Y est com­pro­mis un res­pec­table ingé­nieur. Là encore le contexte est par­fait. Mais l’histoire en elle-même beau­coup moins. Le per­son­nage de la jour­na­liste intègre reste un cli­ché qui ne fait pas le poids (nar­ra­ti­ve­ment par­lant) face aux héros de la finance, du show-business, du pou­voir avec en tête du pelo­ton le direc­teur d’un maga­zine people et le néo-Raspoutine chef de la police poli­tique de Fuji­mori. L’auteur mêle aussi à son his­toire tout un arse­nal éro­tique et une intrigue à double fond qui se veut la clé du roman mais dont l’intérêt est secondaire.
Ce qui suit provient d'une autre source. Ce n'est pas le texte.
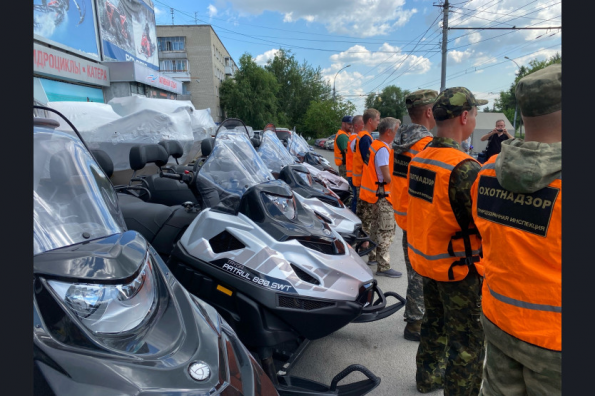 Охотоведы региона получили новую зимнюю технику
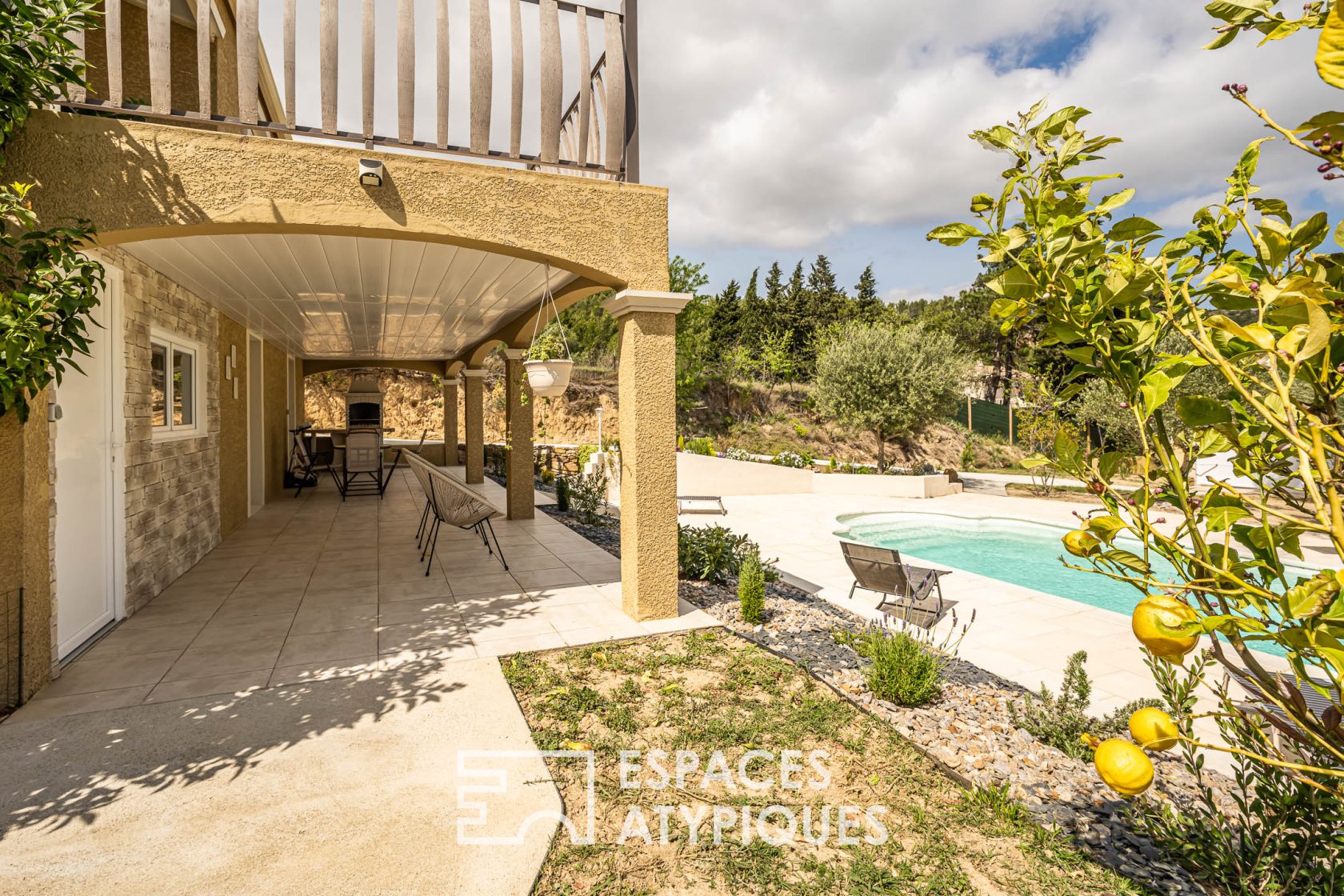 Maison avec jardin et piscine dominant les Corbières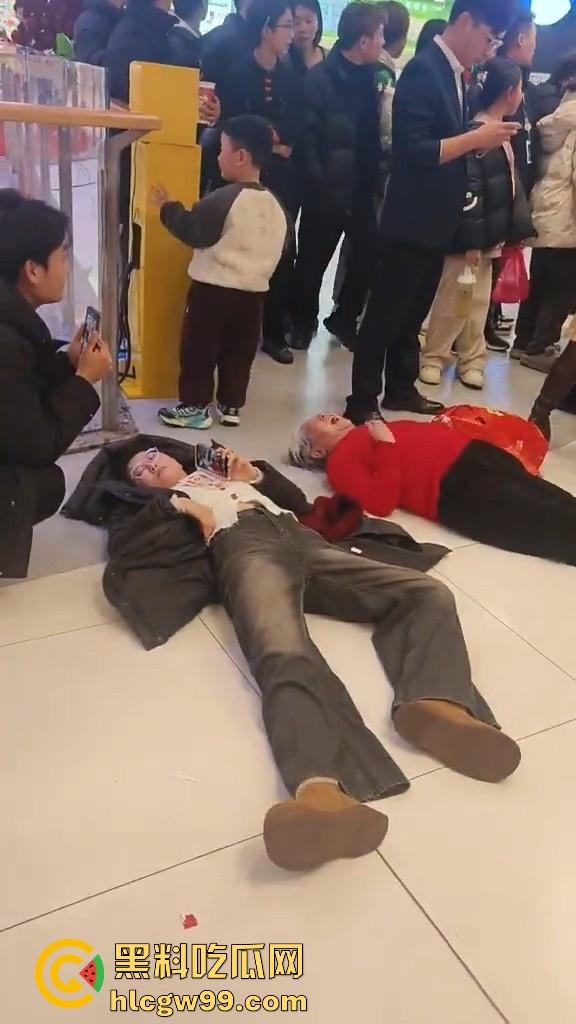 山东临沂兰陵县万达广场老太太与女大学生吵架碰瓷，两人同时躺地，棋逢对手，老太太碰到硬茬了  第1张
Ces deux der­niers ingré­dients situent les limites de la nou­velle fic­tion de Llosa à décrire le monde péru­vien. Par­tant de l’idée que « Le monde est tout ce qui a lieu » chère à Witt­gen­stein, l’auteur a cru bon de dou­bler la réa­lité par les « outre­pas­se­ments » super­fé­ta­toires de scènes de genre. Elle n’en avait pas besoin. Certes, la maî­trise demeure. Mais au moment où toute une connais­sance s’inscrit sur la matrice du réel, ce que l’auteur ajoute limite la por­tée de la fic­tion. D’autant que le récit trop bien ficelé — et para­doxa­le­ment — n’est pas capable de faire le joint consé­quent entre le réel et l’imaginaire.
Cher­chant — impli­ci­te­ment — à trans­for­mer sa fic­tion en aven­ture enga­gée, cette imbri­ca­tion casse la ligne géné­rale du livre. On peut bien mettre cela sur le compte de l’aspect baroque de la lit­té­ra­ture sud-américaine. Cela peut-il ser­vir néan­moins de jus­ti­fi­ca­tion ou d’excuse ?

jean-paul gavard-perret

Mario Var­gas Llosa,  Aux Cinq Rues, Lima, trad. de l’espagnol (Pérou) par Albert Ben­sous­san, Daniel Lefort, Gal­li­mard,  collec­tion Du monde entier, 2017.